[Captioned web images]
══════════

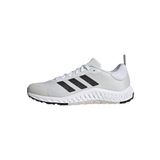 adidas Kadın Everyset Trainer W Training Ayakkabısı, Ftwwht/Cblack/Greone, 38 2/3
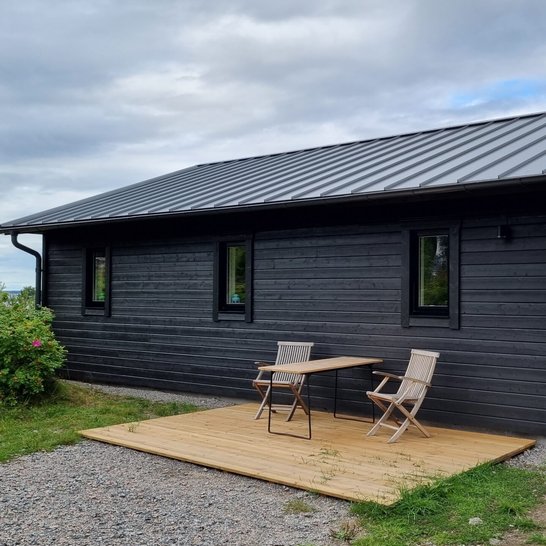 Fritidshus med Kami Classic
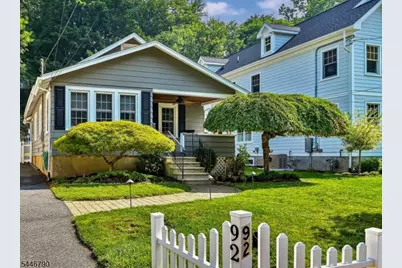 92 Carey Ave, Butler, NJ 07405 - Photo 1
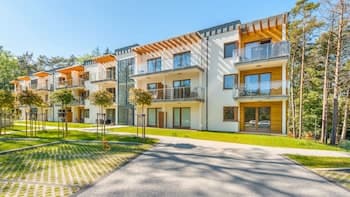 Apartamenty Sun & Snow Euronia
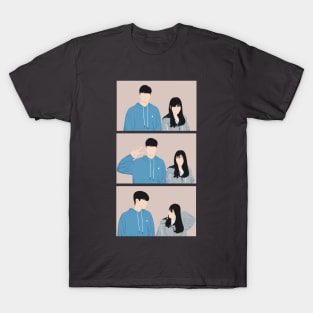 Revenge of others kdrama T-Shirt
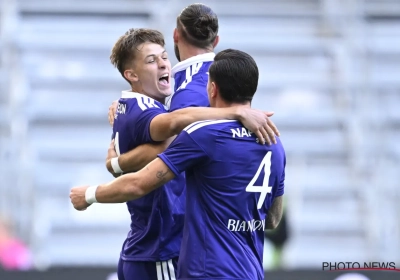 'Anderlecht wil Cercle aftroeven en transferrecord breken'
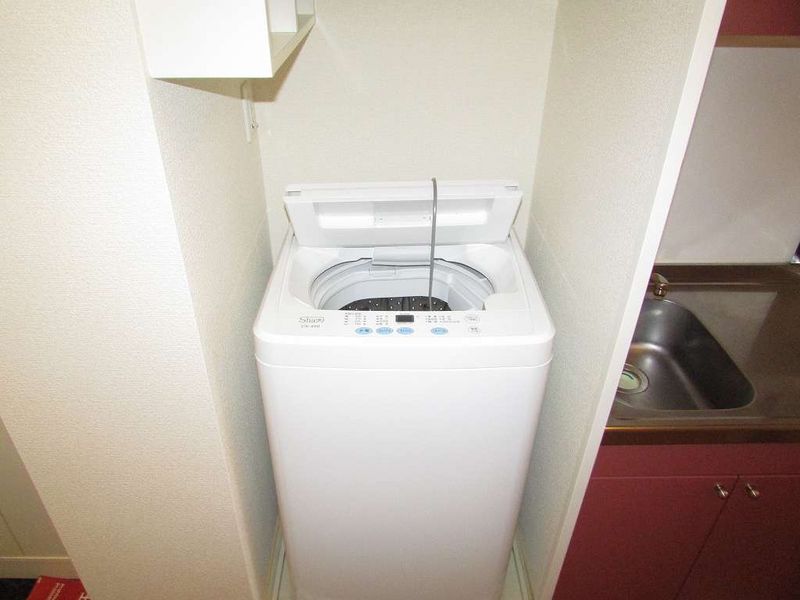 レオパレス南一番 その他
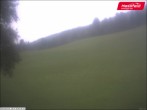Archiv Foto Webcam Skilift Weißbriach 05:00
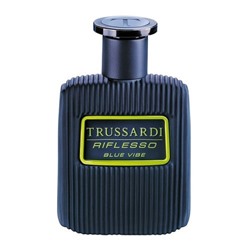 Trussardi Riflesso Blue Vibe Eau de Toilette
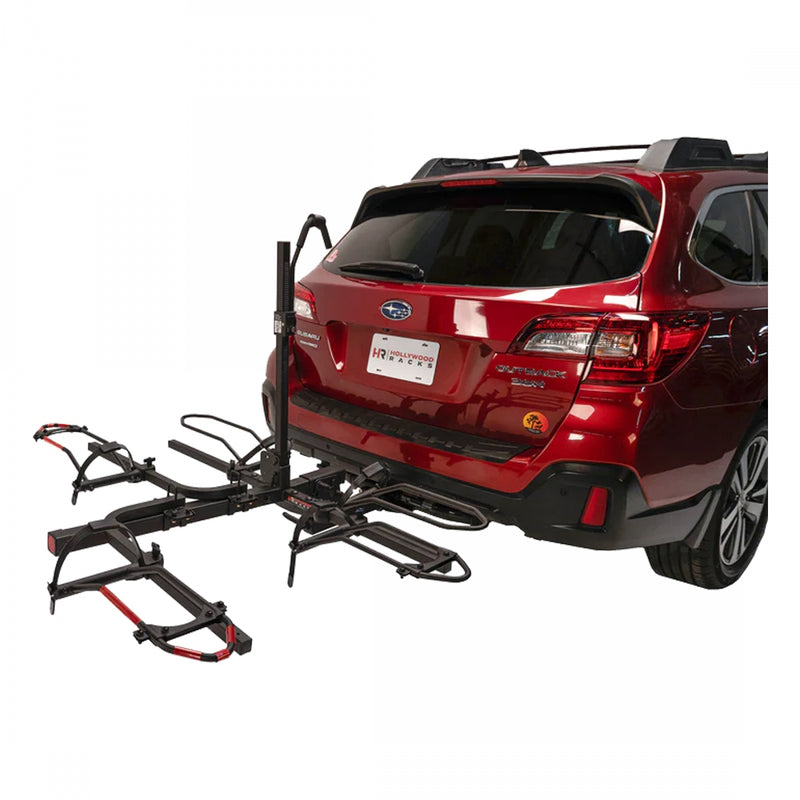 Load image into Gallery viewer, Hollywood-HR1500-Sport-Rider-Trike-Adapter-Kit-Hitch-Rack-Accessory_HRAC0107
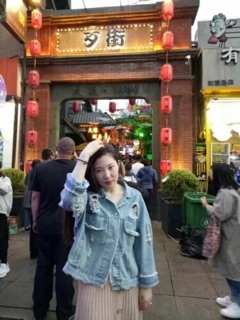 Áo khoác demi rách ulzzang (ẢNH THẬT Ở CUỐI)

══════════

Reproduce verbatim, and only, the lines starting at the one that contains "Load image into" and ending with the final line of the records; leave out the pictures.

Result of the task:
 Load image into Gallery viewer, Hollywood-HR1500-Sport-Rider-Trike-Adapter-Kit-Hitch-Rack-Accessory_HRAC0107
 Áo khoác demi rách ulzzang (ẢNH THẬT Ở CUỐI)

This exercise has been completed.